The deficit in one of Ireland’s largest pension funds has increased by €700m in the wake of the European Central Bank’s programme of quantitative easing (QE).
Bank of Ireland (BoI) said that, despite a 10% increase in asset value, up from the €6.5bn reported at the end of December last year, the fund’s deficit nevertheless increased.
According to the company’s most recent annual report, liabilities for the Bank of Ireland Staff Pension Fund (BSPF) – employing a discount rate of 2.2% and inflation assumptions of 1.5% – stood at €7.5bn at the end of last year.
In an interim management statement, BoI said the impact of the central bank’s QE programme had resulted in a €700m increase, to €1.7bn, in the IAS 19 deficit.
However, the 80-basis-point drop in discount rates should have resulted in a nearly €1.3bn increase in liabilities.
The impact of QE would have been offset by lower than expected inflation.

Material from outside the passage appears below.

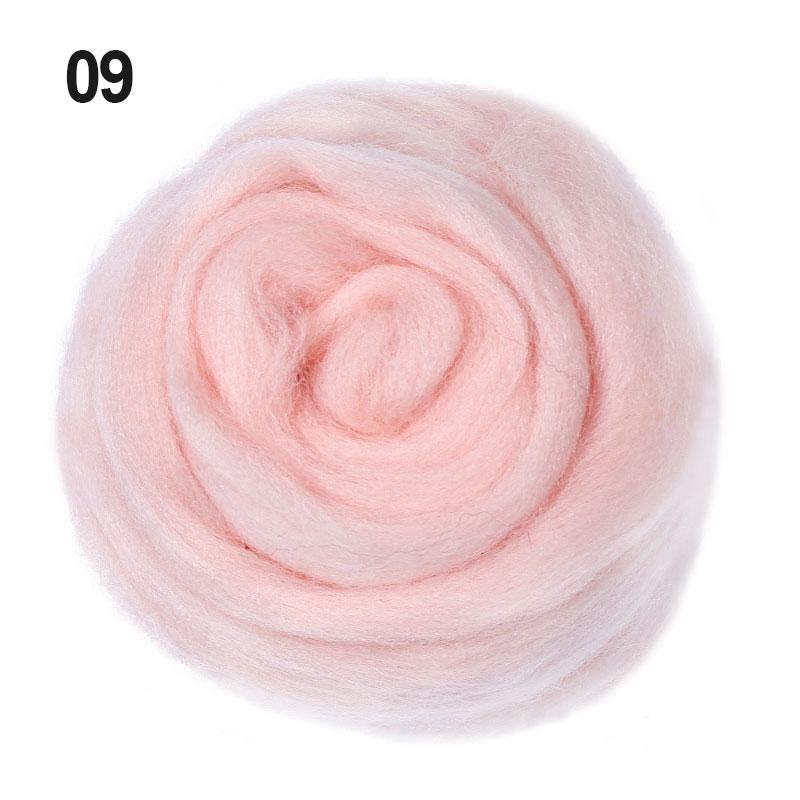 38 цветов фетр ремесло валяние шерсть волокно фетр ткань набор для валяния DIY игрушки ручной работы 5 г/10 г/20 г/50 г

The bank calculated in its 2014 annual report that, for every 10bps decrease in inflation, it would see liabilities fall €101m, compared with a €407m increase per 25bps decrease in the discount rate.
Industry association PensionsEurope recently warned that pension funds risked being “collateral damage” as further monetary easing policies were launched, and urged regulators to consider postponing valuations or being more lenient as deficits increased.
It echoed calls from the Irish Association of Pension Funds that pension regulation should be reviewed in light of the “artificial and unprecedented conditions” in bond markets.
However, the Pensions Authority has since insisted that it would not relax the funding standard applied to pension schemes in Ireland as it could give members and schemes a “false impression” the situation could be easily resolved.